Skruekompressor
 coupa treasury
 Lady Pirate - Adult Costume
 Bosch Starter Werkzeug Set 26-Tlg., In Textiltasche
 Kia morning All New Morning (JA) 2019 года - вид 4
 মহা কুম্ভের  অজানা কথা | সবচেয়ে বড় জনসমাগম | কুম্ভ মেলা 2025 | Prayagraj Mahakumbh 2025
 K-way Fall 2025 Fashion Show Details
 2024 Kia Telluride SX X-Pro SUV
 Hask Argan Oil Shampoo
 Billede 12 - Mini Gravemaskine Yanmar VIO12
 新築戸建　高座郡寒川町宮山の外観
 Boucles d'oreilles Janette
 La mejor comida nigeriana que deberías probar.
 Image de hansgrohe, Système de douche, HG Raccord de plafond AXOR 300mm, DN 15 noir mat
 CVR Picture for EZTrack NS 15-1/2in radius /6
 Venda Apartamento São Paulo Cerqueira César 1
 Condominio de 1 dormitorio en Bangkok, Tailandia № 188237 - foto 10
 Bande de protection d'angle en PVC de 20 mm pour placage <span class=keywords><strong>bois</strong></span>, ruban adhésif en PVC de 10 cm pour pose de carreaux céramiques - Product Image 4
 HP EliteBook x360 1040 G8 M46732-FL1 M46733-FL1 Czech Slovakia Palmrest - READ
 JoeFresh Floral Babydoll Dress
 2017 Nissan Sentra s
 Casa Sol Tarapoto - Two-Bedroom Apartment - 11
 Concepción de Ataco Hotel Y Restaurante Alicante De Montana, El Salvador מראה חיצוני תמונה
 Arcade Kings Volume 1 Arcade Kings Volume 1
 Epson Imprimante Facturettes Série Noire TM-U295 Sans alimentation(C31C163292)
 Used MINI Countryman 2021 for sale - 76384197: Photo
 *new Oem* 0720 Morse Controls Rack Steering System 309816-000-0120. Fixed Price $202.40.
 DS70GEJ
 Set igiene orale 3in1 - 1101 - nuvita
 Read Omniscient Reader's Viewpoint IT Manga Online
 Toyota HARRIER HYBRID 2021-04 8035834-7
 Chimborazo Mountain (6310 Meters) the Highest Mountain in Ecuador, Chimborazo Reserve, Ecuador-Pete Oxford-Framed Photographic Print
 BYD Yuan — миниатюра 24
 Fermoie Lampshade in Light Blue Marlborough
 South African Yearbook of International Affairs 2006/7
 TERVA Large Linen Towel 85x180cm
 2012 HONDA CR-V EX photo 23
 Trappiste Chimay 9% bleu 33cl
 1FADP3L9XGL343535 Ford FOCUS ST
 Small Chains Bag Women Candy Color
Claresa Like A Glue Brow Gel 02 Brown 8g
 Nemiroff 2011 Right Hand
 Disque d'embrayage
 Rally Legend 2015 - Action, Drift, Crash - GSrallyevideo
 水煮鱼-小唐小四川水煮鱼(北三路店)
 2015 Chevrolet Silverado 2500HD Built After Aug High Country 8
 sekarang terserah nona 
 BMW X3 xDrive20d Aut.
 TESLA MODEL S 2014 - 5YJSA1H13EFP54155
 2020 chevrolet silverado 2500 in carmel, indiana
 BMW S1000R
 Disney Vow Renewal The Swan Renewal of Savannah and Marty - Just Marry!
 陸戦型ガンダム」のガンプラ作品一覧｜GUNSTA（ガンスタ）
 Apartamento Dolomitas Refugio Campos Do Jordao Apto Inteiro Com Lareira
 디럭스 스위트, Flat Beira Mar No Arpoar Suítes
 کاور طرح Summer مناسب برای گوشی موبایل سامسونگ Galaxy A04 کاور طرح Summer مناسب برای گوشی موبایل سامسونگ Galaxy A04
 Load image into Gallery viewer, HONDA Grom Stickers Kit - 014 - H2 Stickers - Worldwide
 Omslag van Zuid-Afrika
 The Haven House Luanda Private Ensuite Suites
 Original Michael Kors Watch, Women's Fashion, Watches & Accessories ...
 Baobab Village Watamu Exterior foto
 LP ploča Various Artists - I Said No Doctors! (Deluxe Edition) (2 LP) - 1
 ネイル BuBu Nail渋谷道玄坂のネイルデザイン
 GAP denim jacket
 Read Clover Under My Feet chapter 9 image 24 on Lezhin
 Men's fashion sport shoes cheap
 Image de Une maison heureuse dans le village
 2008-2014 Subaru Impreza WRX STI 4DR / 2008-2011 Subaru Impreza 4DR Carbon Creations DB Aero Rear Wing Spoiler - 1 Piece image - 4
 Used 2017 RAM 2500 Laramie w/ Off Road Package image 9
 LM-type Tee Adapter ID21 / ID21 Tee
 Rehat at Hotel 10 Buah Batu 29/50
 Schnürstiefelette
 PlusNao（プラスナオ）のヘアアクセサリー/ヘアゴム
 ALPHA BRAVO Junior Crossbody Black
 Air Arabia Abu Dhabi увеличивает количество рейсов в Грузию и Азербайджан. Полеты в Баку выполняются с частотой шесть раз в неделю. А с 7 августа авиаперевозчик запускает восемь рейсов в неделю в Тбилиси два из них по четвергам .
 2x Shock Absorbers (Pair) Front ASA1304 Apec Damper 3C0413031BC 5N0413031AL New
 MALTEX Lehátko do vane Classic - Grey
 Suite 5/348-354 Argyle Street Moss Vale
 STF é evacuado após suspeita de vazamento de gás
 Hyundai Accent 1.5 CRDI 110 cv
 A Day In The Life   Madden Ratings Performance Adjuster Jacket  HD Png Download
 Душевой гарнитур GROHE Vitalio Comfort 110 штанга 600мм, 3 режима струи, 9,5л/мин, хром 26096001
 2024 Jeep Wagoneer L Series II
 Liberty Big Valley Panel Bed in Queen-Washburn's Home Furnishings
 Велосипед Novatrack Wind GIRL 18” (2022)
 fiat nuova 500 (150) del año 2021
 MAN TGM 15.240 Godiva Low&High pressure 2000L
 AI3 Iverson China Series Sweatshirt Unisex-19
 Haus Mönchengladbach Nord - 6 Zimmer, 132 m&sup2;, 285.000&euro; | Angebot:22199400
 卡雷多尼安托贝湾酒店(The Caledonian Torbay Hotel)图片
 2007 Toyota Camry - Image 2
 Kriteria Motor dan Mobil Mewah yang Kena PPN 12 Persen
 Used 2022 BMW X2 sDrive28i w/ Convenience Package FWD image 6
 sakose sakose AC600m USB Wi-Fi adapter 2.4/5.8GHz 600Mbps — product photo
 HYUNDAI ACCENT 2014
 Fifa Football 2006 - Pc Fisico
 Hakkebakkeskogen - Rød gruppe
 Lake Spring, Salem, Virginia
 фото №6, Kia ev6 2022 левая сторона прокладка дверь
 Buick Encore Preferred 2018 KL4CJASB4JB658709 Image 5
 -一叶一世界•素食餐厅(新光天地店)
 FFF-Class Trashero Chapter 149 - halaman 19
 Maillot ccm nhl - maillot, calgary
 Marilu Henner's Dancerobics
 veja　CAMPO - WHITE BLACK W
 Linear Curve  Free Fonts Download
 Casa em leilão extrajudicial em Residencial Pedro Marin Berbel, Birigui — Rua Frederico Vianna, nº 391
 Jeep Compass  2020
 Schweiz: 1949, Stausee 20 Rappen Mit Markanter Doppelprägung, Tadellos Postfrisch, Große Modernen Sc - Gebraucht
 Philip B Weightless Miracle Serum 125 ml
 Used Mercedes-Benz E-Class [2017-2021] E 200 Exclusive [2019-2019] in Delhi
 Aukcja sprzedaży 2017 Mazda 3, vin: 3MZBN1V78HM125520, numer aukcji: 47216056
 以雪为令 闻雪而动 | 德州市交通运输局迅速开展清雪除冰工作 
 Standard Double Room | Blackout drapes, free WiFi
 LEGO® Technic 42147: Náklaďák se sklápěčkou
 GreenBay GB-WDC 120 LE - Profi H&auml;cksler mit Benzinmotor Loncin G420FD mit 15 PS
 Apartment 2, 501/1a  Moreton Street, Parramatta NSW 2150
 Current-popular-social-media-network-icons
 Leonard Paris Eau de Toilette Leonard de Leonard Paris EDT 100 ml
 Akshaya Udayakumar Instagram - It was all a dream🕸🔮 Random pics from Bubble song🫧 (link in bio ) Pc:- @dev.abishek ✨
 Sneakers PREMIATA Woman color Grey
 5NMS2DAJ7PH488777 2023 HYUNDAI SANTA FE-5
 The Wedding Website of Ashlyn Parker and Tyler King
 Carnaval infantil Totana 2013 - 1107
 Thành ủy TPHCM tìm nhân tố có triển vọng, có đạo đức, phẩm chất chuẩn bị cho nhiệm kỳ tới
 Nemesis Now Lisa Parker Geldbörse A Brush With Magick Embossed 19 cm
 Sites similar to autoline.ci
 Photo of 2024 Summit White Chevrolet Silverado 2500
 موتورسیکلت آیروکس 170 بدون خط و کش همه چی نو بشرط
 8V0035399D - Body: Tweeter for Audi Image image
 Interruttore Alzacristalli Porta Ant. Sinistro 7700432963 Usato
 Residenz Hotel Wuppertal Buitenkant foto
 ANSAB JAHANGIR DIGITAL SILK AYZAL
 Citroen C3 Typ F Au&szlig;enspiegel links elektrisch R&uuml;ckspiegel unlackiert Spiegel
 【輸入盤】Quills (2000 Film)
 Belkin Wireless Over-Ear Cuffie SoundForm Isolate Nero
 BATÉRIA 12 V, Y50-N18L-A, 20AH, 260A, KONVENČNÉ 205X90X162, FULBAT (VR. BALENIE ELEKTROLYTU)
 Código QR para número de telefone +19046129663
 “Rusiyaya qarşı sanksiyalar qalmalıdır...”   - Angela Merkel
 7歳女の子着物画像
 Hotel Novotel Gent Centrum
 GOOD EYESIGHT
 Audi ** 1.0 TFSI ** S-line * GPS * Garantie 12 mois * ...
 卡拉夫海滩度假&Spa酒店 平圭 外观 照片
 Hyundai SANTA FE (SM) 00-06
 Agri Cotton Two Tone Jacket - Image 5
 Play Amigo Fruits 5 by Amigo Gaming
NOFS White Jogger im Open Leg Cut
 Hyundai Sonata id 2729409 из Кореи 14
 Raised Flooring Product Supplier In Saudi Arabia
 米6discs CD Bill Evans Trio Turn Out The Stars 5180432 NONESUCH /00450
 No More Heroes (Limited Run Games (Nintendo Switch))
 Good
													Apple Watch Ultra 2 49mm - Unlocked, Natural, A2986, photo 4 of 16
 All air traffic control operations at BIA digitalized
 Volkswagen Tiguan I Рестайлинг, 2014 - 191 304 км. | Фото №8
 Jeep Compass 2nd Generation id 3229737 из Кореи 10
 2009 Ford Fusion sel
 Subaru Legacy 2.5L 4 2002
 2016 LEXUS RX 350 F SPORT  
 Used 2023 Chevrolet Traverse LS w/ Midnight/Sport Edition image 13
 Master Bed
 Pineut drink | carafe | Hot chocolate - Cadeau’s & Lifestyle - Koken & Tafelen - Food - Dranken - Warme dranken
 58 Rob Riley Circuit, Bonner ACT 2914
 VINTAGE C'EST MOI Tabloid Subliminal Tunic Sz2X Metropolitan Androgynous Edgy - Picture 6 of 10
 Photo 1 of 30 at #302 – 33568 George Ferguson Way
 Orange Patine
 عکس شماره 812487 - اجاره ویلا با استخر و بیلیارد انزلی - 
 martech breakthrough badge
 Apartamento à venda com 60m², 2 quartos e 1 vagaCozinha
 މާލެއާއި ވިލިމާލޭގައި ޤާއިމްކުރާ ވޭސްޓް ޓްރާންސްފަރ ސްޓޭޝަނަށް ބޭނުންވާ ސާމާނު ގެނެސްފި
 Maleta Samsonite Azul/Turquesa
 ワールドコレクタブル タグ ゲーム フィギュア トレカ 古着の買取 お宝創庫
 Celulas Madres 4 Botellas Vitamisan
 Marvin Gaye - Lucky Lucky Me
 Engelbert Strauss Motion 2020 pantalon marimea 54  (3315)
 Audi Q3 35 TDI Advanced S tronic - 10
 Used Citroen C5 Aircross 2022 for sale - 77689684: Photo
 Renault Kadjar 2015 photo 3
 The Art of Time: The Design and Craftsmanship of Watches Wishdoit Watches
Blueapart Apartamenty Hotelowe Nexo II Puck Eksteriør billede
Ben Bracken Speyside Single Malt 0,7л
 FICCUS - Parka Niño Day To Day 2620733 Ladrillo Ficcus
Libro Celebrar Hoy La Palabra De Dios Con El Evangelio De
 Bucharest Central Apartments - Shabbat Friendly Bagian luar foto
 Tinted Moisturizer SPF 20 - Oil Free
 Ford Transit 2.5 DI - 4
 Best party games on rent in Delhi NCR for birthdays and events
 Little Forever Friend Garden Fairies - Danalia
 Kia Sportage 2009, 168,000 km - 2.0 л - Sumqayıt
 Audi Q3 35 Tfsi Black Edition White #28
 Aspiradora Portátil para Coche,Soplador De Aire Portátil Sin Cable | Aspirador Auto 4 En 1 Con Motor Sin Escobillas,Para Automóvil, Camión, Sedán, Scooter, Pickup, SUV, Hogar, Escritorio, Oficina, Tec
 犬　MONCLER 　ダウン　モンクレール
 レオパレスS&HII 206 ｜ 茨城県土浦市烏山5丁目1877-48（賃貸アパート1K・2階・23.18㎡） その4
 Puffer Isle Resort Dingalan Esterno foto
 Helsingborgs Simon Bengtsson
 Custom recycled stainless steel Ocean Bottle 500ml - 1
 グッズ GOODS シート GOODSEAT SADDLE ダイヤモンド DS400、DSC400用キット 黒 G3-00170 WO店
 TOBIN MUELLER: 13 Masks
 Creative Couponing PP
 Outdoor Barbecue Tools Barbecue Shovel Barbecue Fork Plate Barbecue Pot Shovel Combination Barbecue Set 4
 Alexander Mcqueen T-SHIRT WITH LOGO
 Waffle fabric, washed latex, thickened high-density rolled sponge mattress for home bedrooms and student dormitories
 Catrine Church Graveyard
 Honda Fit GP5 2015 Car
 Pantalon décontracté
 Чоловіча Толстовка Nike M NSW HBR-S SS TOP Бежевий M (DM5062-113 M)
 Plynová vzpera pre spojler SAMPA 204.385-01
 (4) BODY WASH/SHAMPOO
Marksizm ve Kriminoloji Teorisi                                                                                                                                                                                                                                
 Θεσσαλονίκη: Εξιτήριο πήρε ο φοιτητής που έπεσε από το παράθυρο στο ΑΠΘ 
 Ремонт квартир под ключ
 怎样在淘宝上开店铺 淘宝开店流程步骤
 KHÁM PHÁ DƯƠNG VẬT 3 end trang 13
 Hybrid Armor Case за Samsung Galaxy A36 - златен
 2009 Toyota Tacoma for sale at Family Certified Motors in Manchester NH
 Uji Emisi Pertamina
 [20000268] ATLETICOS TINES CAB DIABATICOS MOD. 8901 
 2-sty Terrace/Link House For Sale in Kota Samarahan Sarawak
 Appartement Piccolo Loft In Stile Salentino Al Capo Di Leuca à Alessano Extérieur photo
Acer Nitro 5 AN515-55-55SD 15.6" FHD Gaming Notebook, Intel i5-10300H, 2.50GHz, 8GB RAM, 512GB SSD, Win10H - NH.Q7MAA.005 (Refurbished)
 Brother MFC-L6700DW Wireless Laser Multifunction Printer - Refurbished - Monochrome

WHAT THIS TASK INVOLVES:
Write out exactly the lines above from the line with "Nemesis Now Lisa" through the line with "Play Amigo Fruits 5 by Amigo Gaming", both of them included, and leave out all other lines.

WRITTEN SOLUTION:
 Nemesis Now Lisa Parker Geldbörse A Brush With Magick Embossed 19 cm
 Sites similar to autoline.ci
 Photo of 2024 Summit White Chevrolet Silverado 2500
 موتورسیکلت آیروکس 170 بدون خط و کش همه چی نو بشرط
 8V0035399D - Body: Tweeter for Audi Image image
 Interruttore Alzacristalli Porta Ant. Sinistro 7700432963 Usato
 Residenz Hotel Wuppertal Buitenkant foto
 ANSAB JAHANGIR DIGITAL SILK AYZAL
 Citroen C3 Typ F Au&szlig;enspiegel links elektrisch R&uuml;ckspiegel unlackiert Spiegel
 【輸入盤】Quills (2000 Film)
 Belkin Wireless Over-Ear Cuffie SoundForm Isolate Nero
 BATÉRIA 12 V, Y50-N18L-A, 20AH, 260A, KONVENČNÉ 205X90X162, FULBAT (VR. BALENIE ELEKTROLYTU)
 Código QR para número de telefone +19046129663
 “Rusiyaya qarşı sanksiyalar qalmalıdır...”   - Angela Merkel
 7歳女の子着物画像
 Hotel Novotel Gent Centrum
 GOOD EYESIGHT
 Audi ** 1.0 TFSI ** S-line * GPS * Garantie 12 mois * ...
 卡拉夫海滩度假&Spa酒店 平圭 外观 照片
 Hyundai SANTA FE (SM) 00-06
 Agri Cotton Two Tone Jacket - Image 5
 Play Amigo Fruits 5 by Amigo Gaming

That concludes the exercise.